Barlow is perhaps in good spirits and fine form due to a new relationship – he’s also had his fill of playing with strong post-reunion offerings from Dinosaur Jr, but at any rate the best thing you can say about Defend Yourself – and this really is a good thing, a really good thing – is that there’s no duds, no filler. So Oxygen arrives with its reminders of early R.E.M. and Inquiries almost has a Replacements-like guitar scramble with a country-hick pisstake vocal, then Final Days is just bloody good bar-band stuff but at worst it’s still solid, impressively so.

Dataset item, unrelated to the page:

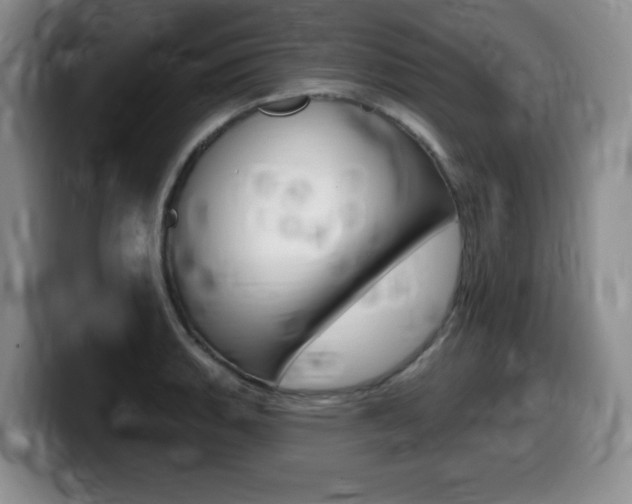 X0000099481135200805090828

You might not need this, they might not need to have done it but this is no Pixies-like fuck-up; there is no shitting on the legacy, no screwed up, misplaced sense of worth. This is a couple of buddies laying down a few new tunes in the style of how they once played. It’s neither desperate to retrace the steps entirely, nor hopeful of breaking stride to become something wonderful and so new – it’s just a good album from a good band. Usually that would seem like the ultimate lazy kiss-off of a review, but here it’s a happy note to end on. Just as this would be if the band didn’t bother with another.